AutoPEFT: Automatic Configuration Search for Parameter-Efficient Fine-Tuning
Han Zhou, Xingchen Wan, Ivan Vulić, Anna Korhonen
TL;DR
AutoPEFT tackles the costly regime of full-model fine-tuning by automatically configuring parameter-efficient fine-tuning (PEFT) through a unified, expressive search space that includes Serial Adapters, Parallel Adapters, and Prefix-Tuning with layer-level insertion decisions. It employs a multi-objective Bayesian optimization framework using a sparse GP surrogate and the NEHVI acquisition to produce a Pareto front of configurations that balance task performance and parameter efficiency, while leveraging low-fidelity evaluations to keep search costs manageable. The approach yields configurations that transfer strongly across GLUE and SuperGLUE tasks and can outperform existing PEFT baselines while remaining competitive with full fine-tuning at a fraction of the parameter updates. This provides a practical, scalable pathway for deploying PEFT on large PLMs with task-specific efficiency trade-offs, backed by public-code availability and extensive ablations.
Abstract
Large pretrained language models are widely used in downstream NLP tasks via task-specific fine-tuning, but such procedures can be costly. Recently, Parameter-Efficient Fine-Tuning (PEFT) methods have achieved strong task performance while updating much fewer parameters than full model fine-tuning (FFT). However, it is non-trivial to make informed design choices on the PEFT configurations, such as their architecture, the number of tunable parameters, and even the layers in which the PEFT modules are inserted.

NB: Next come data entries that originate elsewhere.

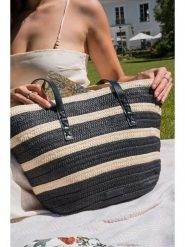 Victor & Hugo Paris Torba plażowa "Isora" w kolorze czarno-kremowym - 28 x 30 x 15 cm rozmiar: onesize. Czarne torby na ramię Victor & Hugo Paris, bez wzorów, z materiału, na ramię, bez dodatków. Za 317.99 zł.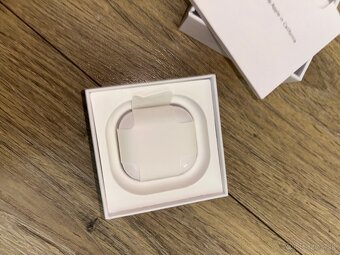 Predám AirPods 4 - 6
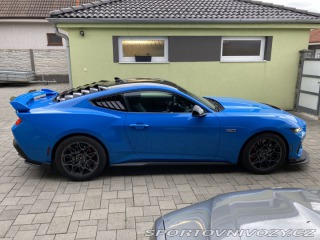 Ford Mustang 5.0 GT new model 2024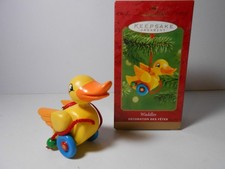 2001 Hallmark Ornament Duck Wood Pull Toy Waddles MIB picture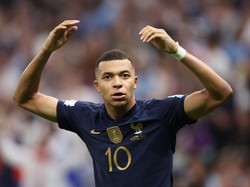 Modric Bertahan, Mbappe Nggak Jadi Pakai Nomor 10 di Madrid?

Consequently, it is highly likely that the current, manually designed configurations are suboptimal in terms of their performance-efficiency trade-off. Inspired by advances in neural architecture search, we propose AutoPEFT for automatic PEFT configuration selection: we first design an expressive configuration search space with multiple representative PEFT modules as building blocks. Using multi-objective Bayesian optimisation in a low-cost setup, we then discover a Pareto-optimal set of configurations with strong performance-cost trade-offs across different numbers of parameters that are also highly transferable across different tasks. Empirically, on GLUE and SuperGLUE tasks, we show that AutoPEFT-discovered configurations significantly outperform existing PEFT methods and are on par or better than FFT without incurring substantial training efficiency costs.